These are the key concepts you need to understand to accurately answer the question.

Stem-and-Leaf Plot

A stem-and-leaf plot is a simple way to visualize data. It helps us see the shape of a data set and identify any patterns or outliers. The data is split into 'stems' and 'leaves', where the 'stem' represents the leading digits, and the 'leaf' includes the final digits.
For example, in our data set, the number 450 would have a stem of 4 (representing the hundreds) and a leaf of 50 (representing the tens and ones). This gives us a clear representation of the spread and range of values.

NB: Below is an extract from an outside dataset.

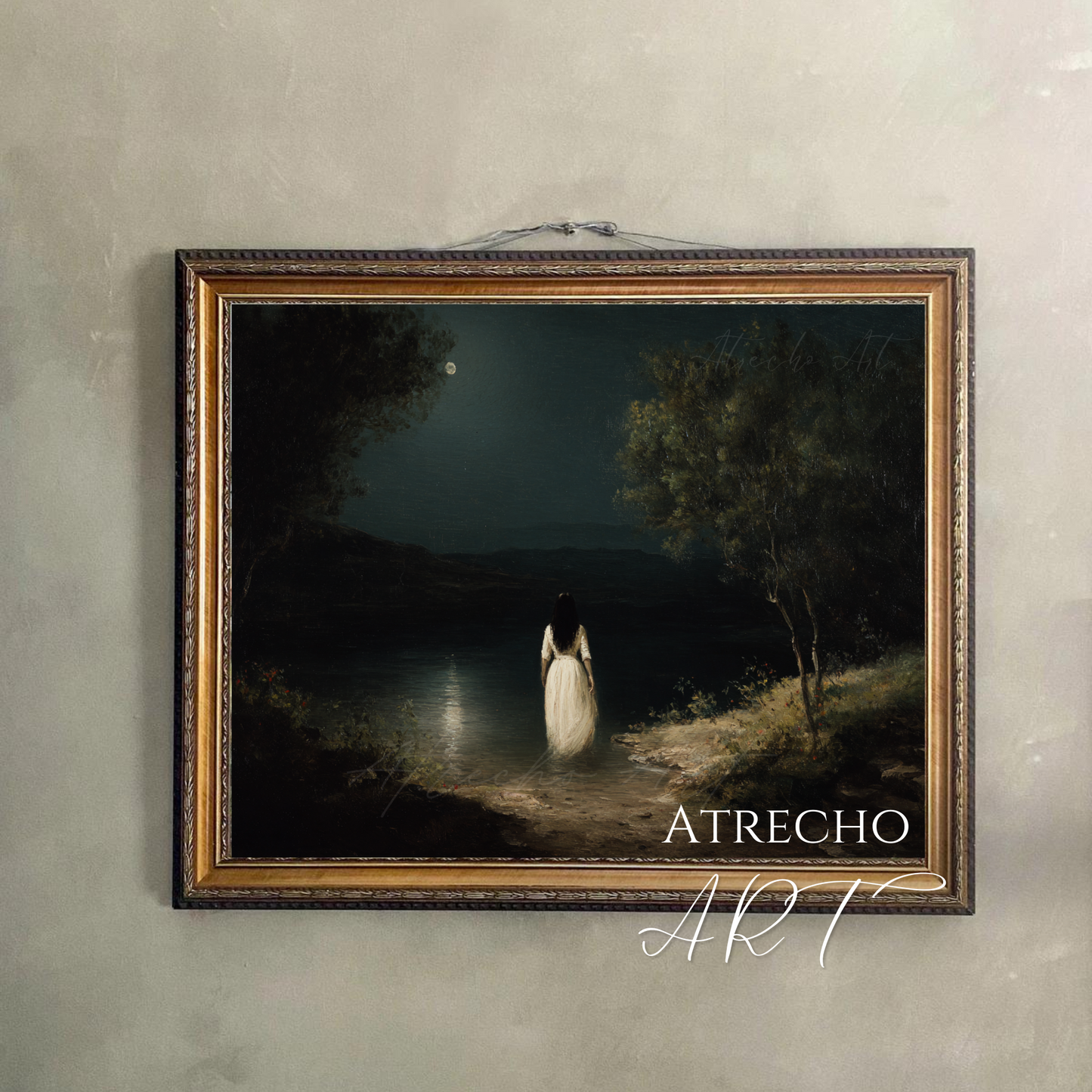 AT THE LAKE | Printed Artwork | WH14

• The smallest stem in our example is 4, with leaves like 50, 52, etc.
• The largest stem is 34 with the leaf 69, representing 3469.

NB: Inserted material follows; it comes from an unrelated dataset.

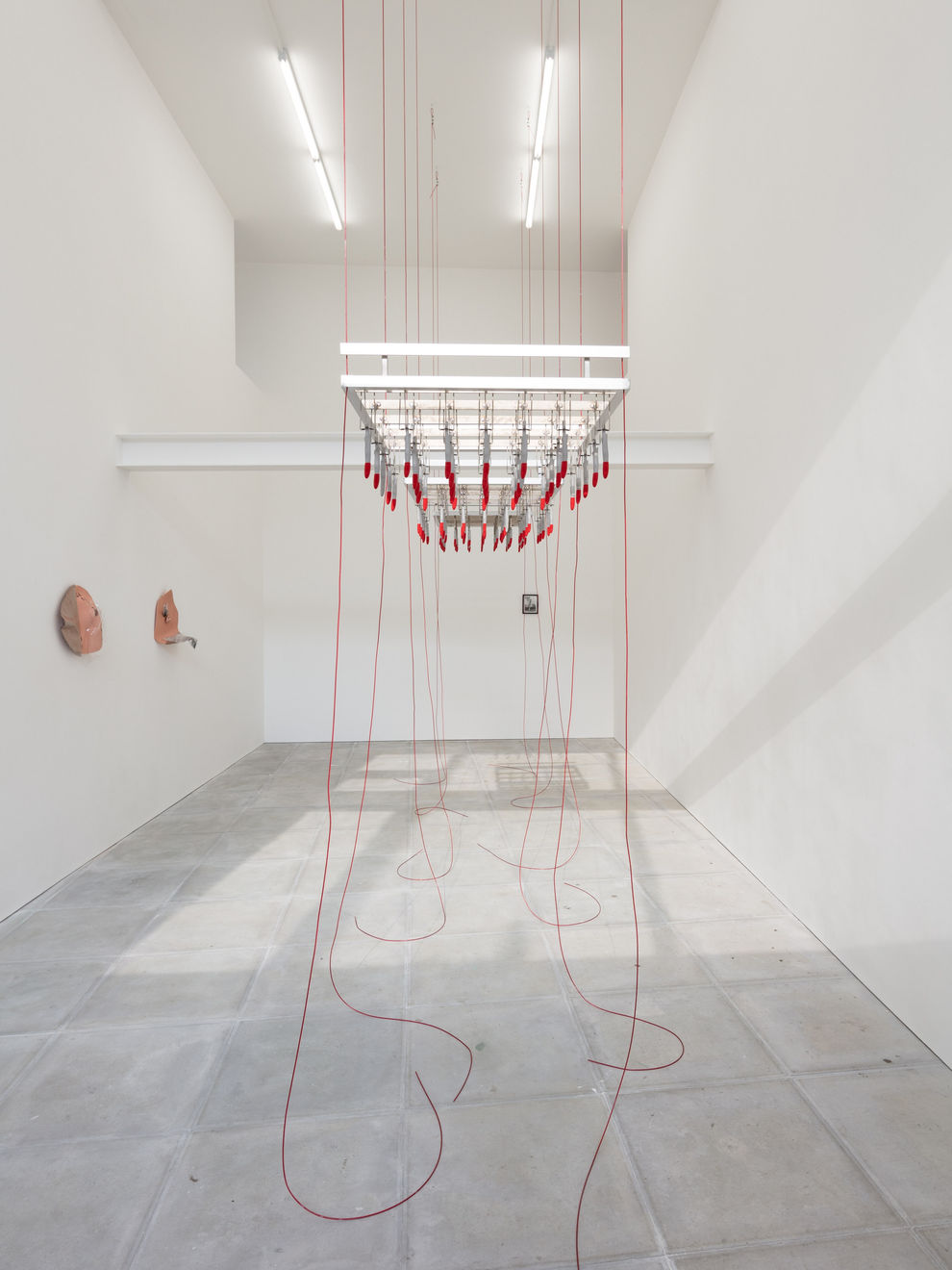 Channer Alice, Mechanoreceptor, Icicles (red, red) (double spring, single strip), 2018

By using a stem-and-leaf plot, we can quickly see how data is distributed and if there are any particularly large or small values that stand out.

Sample Mean Calculation

The sample mean helps us understand the average value of our dataset. To calculate it, we add up all the data values and divide them by the total number of values.
In mathematical terms, if our dataset is \( x_1, x_2, \ldots, x_N \), then the mean \( \bar{x} \) is given by \[\bar{x} = \frac{x_1 + x_2 + \cdots + x_N}{N}\]
For our dataset, we take the sum of values like 450, 452, 1254, etc., and divide by the total number of samples, which is 29. The calculated mean in this instance is approximately 1584.79.
This gives us a central value around which the data points are spread. It's helpful in comparing different data sets and giving a quick impression of their central tendency.

Standard Deviation

The standard deviation is a measure of how spread out the values in a dataset are around the mean. It tells us if the data points are close to the mean or spread out over a wide range.
For a sample with values \( x_1, x_2, \ldots, x_N \) and mean \( \bar{x} \), the standard deviation \( s \) is computed as:\[s = \sqrt{ \frac{1}{N-1} \sum_{i=1}^{N} (x_i - \bar{x})^2 }\]
In our example, the standard deviation comes out to approximately 939.02. This means on average, the measurements vary by about 939 from the mean. In practical terms:

• A smaller standard deviation means data points are very close to the mean.
• A larger standard deviation means they're spread further away.

This is crucial in statistics because it provides insights into data variability and uncertainty.

Sample Median Calculation

The sample median is the middle value that separates the higher half from the lower half of a data sample. To find the median, we must first sort our data set in ascending order.
With a sorted list, if \( N \) (the number of data points) is odd, the median is the middle number. If \( N \) is even, it's the average of the two middle numbers.
For our dataset of 29 values, which is an odd number, the median is the 15th value when sorted. Sorting the values from smallest to largest gives us 450, 452, ..., leading up to 3469. Therefore, the median in this data set is 1364.

• The median provides a measure of central location that is resistant to extreme values.
• Unlike the mean, it is not affected by outliers like very large or very small numbers.

Using the median is very helpful in understanding datasets that might have skewed distributions or outliers.